Pictures with short captions
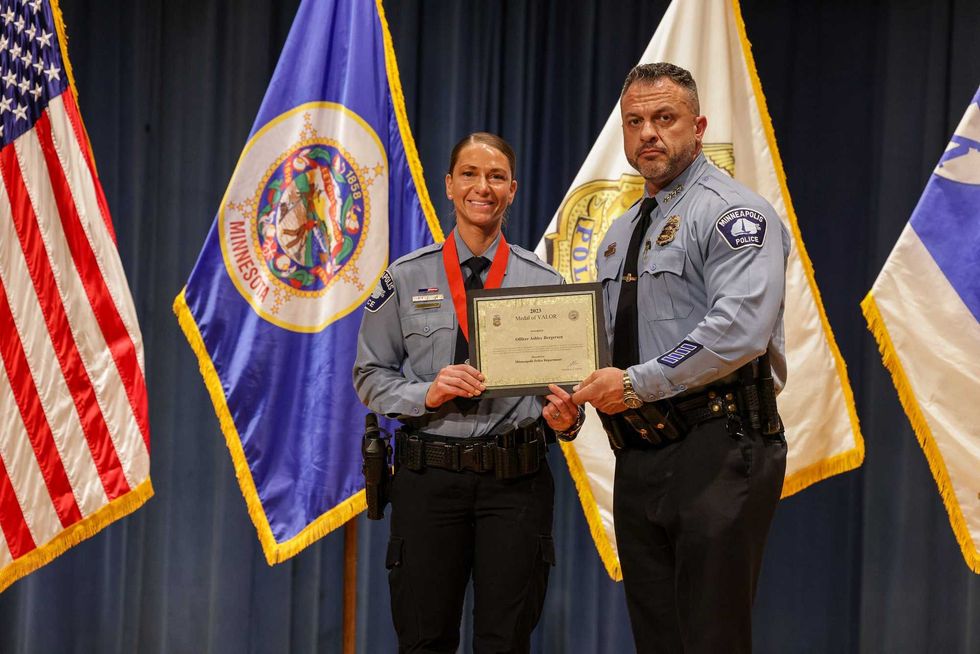 Officer Ashley Bergersen and Minneapolis Police Chief Brian O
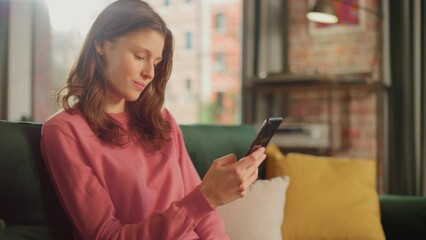 Leinwandbilder - Young Beautiful Female Sitting on a Couch in Living Room, Relaxing and Using Smartphone. Creative Girl Checking Social Media, Chatting with Friends, Browsing Internet. City View from Big Window.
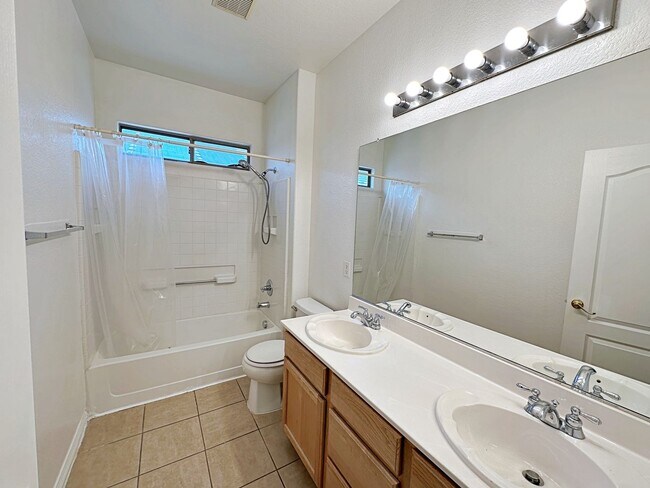 Building Photo - 4 BEDROOM HOME 3 CAR GARAGE ON A CORNER LO...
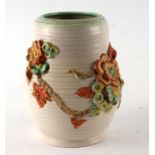 A Clarice Cliff Newport Pottery vase with relief floral decoration, shape no. 899L/S, 20cms high.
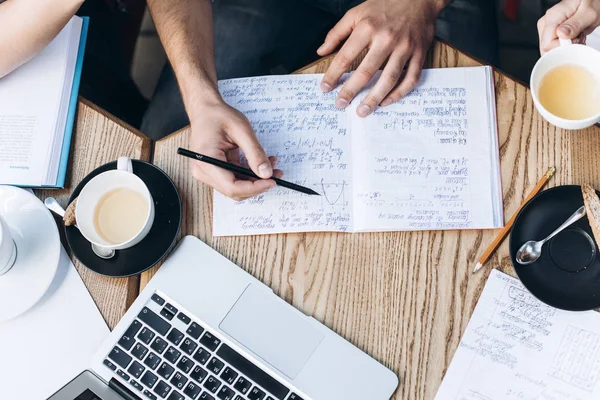 Visão superior das pessoas que estudam com livro, livro e laptop. Copos de café na mesa — Fotografia de Stock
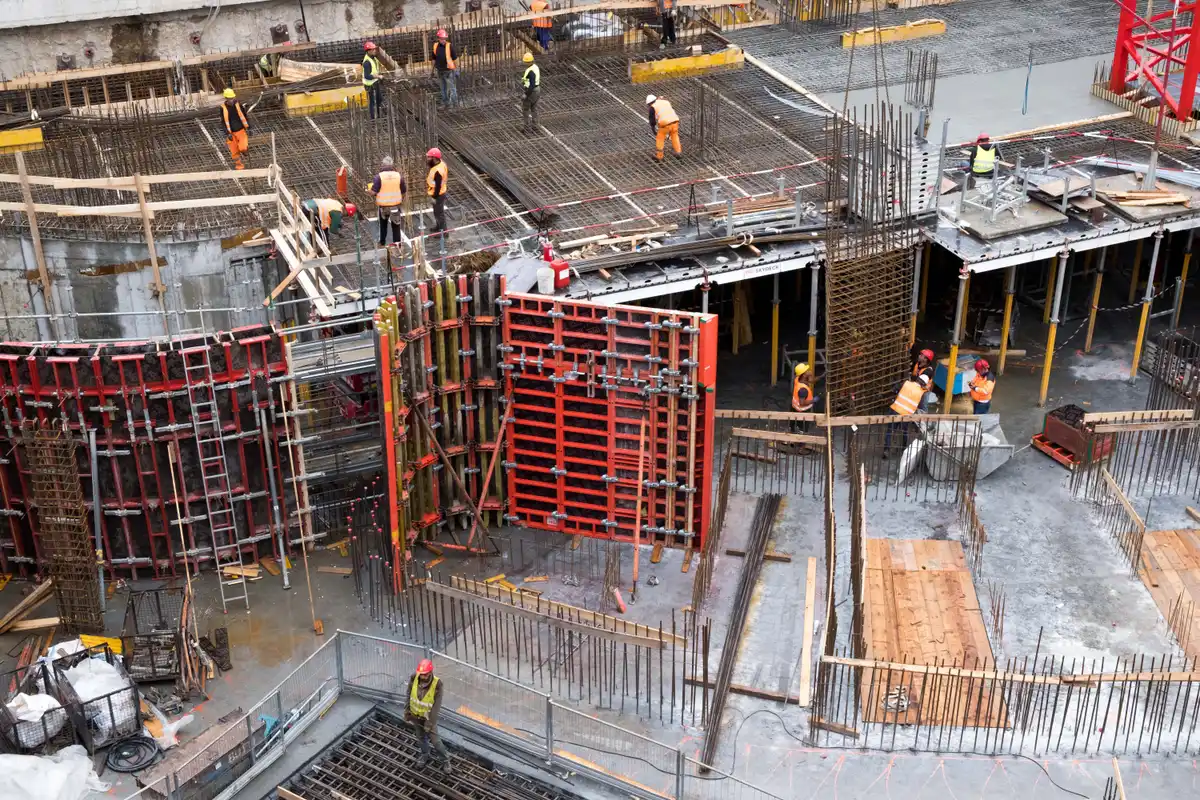 Apartment block frame under construction, illustrative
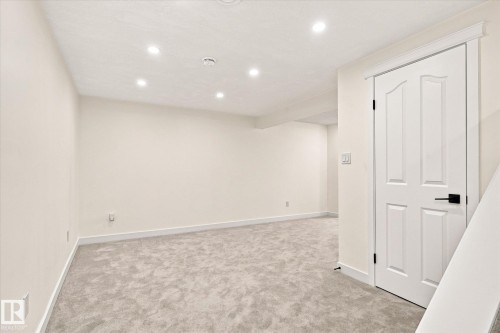 Recessed ceiling lighting, light gray carpet, white interior door with black hardware, and light-toned walls - 17325 85 Avenue Nw, Edmonton, AB 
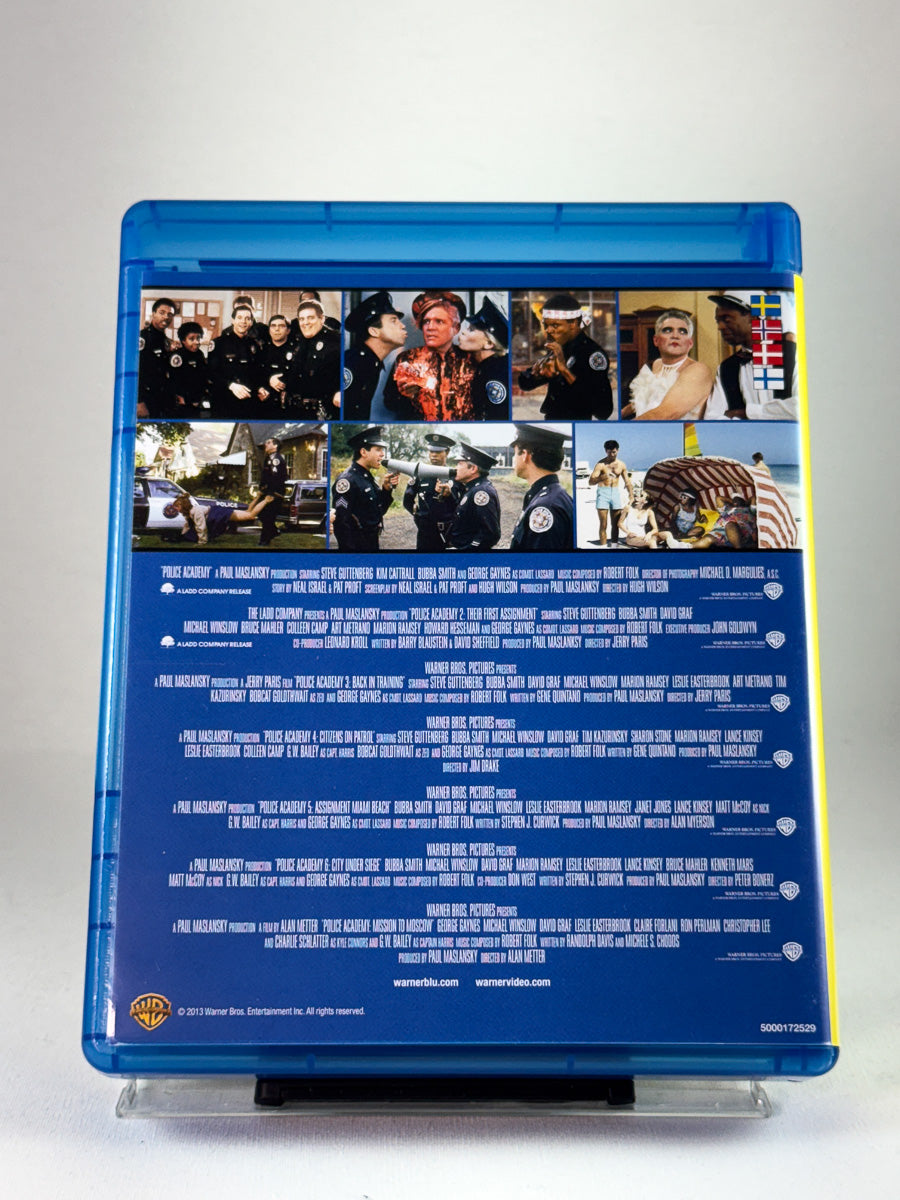 Bakside av Blu-ray-cover til Police Academy – The Complete Collection, bruktfilm hos nettbutikken Brukbar Film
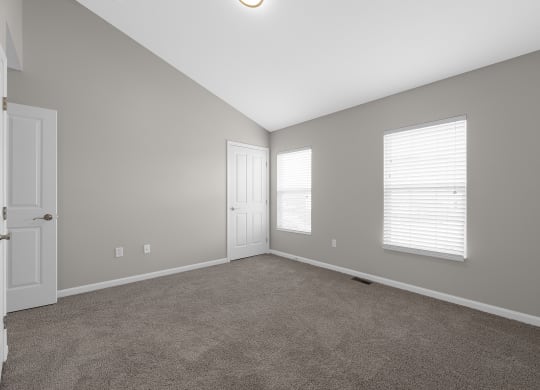 an empty living room with a door and two windows at Traditions at Slate Ridge, Reynoldsburg Ohio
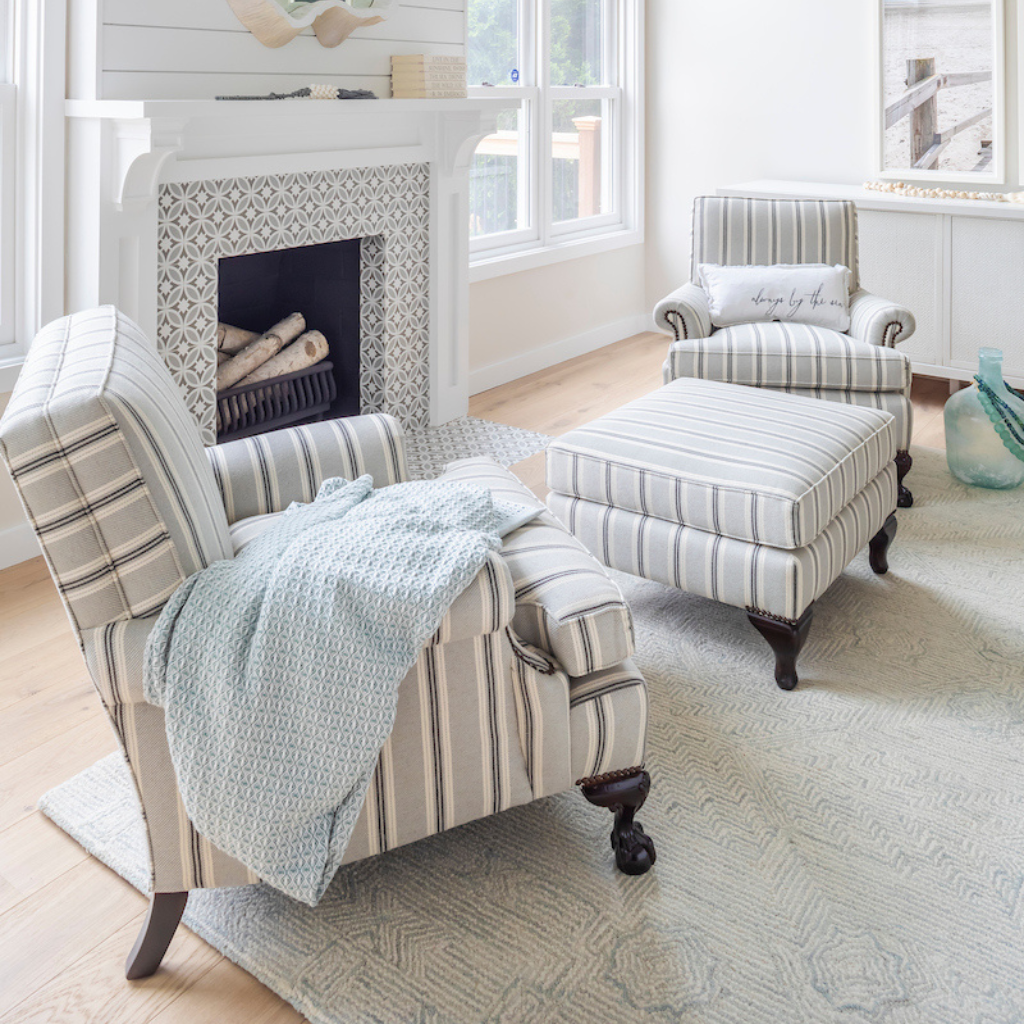 Living room with striped armchair, ottoman, and fireplace.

● AIM OF THE EXERCISE: Pictures aside, repeat every entry exactly as written.

● EXERCISE RESULT:
 Officer Ashley Bergersen and Minneapolis Police Chief Brian O
 Leinwandbilder - Young Beautiful Female Sitting on a Couch in Living Room, Relaxing and Using Smartphone. Creative Girl Checking Social Media, Chatting with Friends, Browsing Internet. City View from Big Window.
 Building Photo - 4 BEDROOM HOME 3 CAR GARAGE ON A CORNER LO...
 A Clarice Cliff Newport Pottery vase with relief floral decoration, shape no. 899L/S, 20cms high.
 Visão superior das pessoas que estudam com livro, livro e laptop. Copos de café na mesa — Fotografia de Stock
 Apartment block frame under construction, illustrative
 Recessed ceiling lighting, light gray carpet, white interior door with black hardware, and light-toned walls - 17325 85 Avenue Nw, Edmonton, AB 
 Bakside av Blu-ray-cover til Police Academy – The Complete Collection, bruktfilm hos nettbutikken Brukbar Film
 an empty living room with a door and two windows at Traditions at Slate Ridge, Reynoldsburg Ohio
 Living room with striped armchair, ottoman, and fireplace.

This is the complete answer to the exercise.